Ladies and gentlemen, don your raincoats. Conditions may be just right in the coming days for a moonbow at Yosemite National Park.
A moonbow, also called a lunar rainbow, occurs, oddly enough, at night. The Yosemite National Park website says an optimal view is the result of "clear skies, enough water in Yosemite Fall to create sufficient mist, dark skies, bright moonlight not blocked by the surrounding mountains, and the correct rainbow geometry."
I can make no iron-clad promises, but Yosemite spokesman Scott Gediman said conditions look right: There is a lot of runoff at Yosemite Fall, the snow pack is enormous and the weather is warm.
Los Angeles Times photographer Mark Boster, whose Yosemite in Four Seasons photographic series has appeared in the Travel print section and whose photo appears above, recommends wearing a raincoat or poncho.
"Standing next to a roaring waterfall means bringing towels and plastic bags for your cameras," he said.

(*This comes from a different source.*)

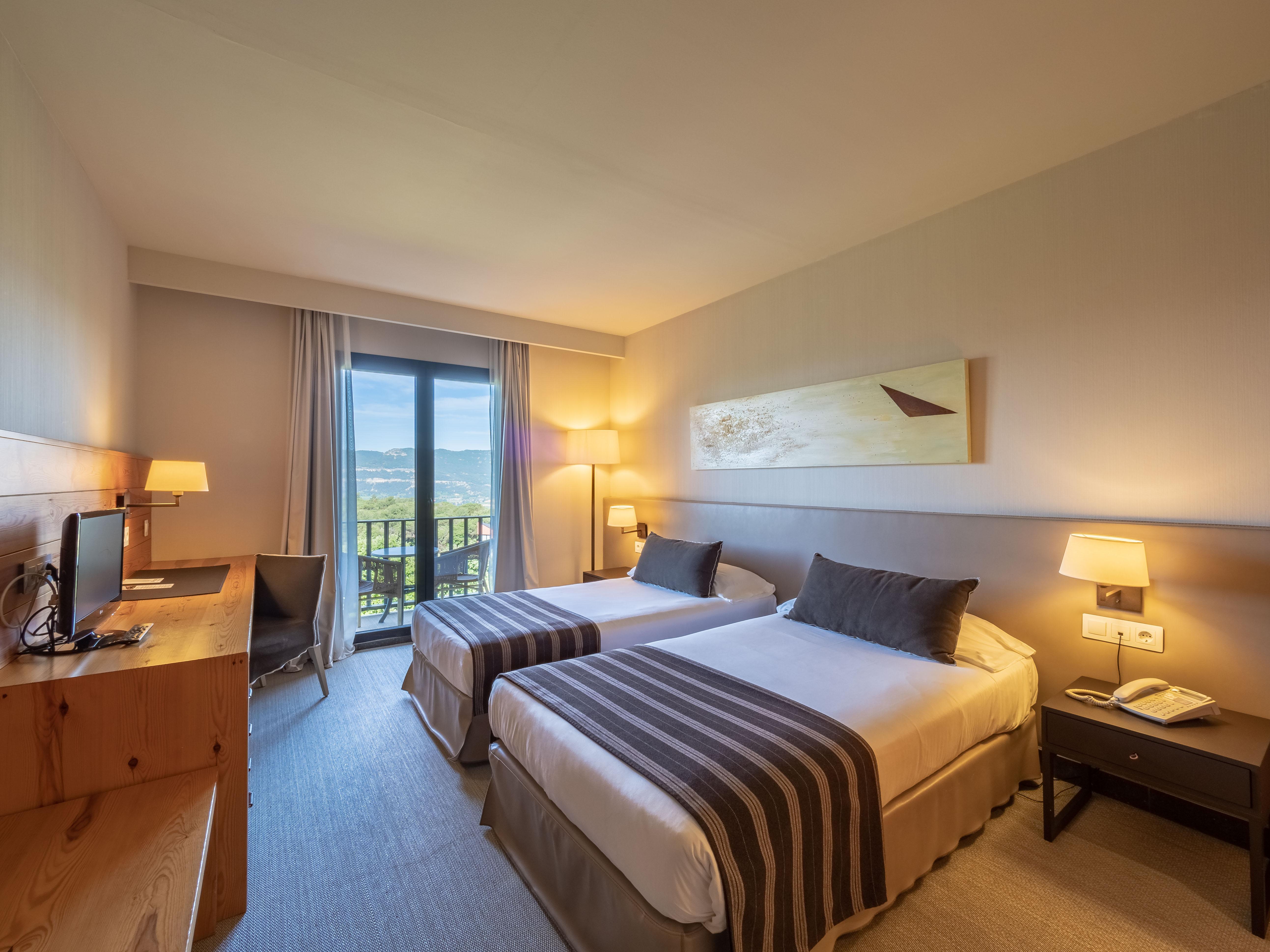 Hotel Montanya 4*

He shot this photo using a 16mm-35mm zoom lens. The aperture was set at f/4.5, and he exposed it for 60 seconds.
Texas State University in San Marcos predicts a “very bright moonbow” from 9:30 to 11:50 p.m. Sunday at Lower Yosemite Fall. It also says to expect a moonbow at Upper Yosemite Fall the night/morning of Monday-Tuesday (11:05 p.m. to 12:05 a.m.) and from 1-1:40 a.m.Wednesday. (Other times are listed on the website.)
Of course, said Don Olson, of the department of physics at TSU, these predictions were made a while ago.
"When we did the moonbow calculations for 2011, over a year ago I think, we knew where the moon would be in the sky, but we had no way of knowing the depth of the Sierra snowpack in 2011 and the temperature," he said in a recent email to me.
So even though it's not a sure thing, this could be your big moment. Given the snowpack -- about 200% -- it could be a great year.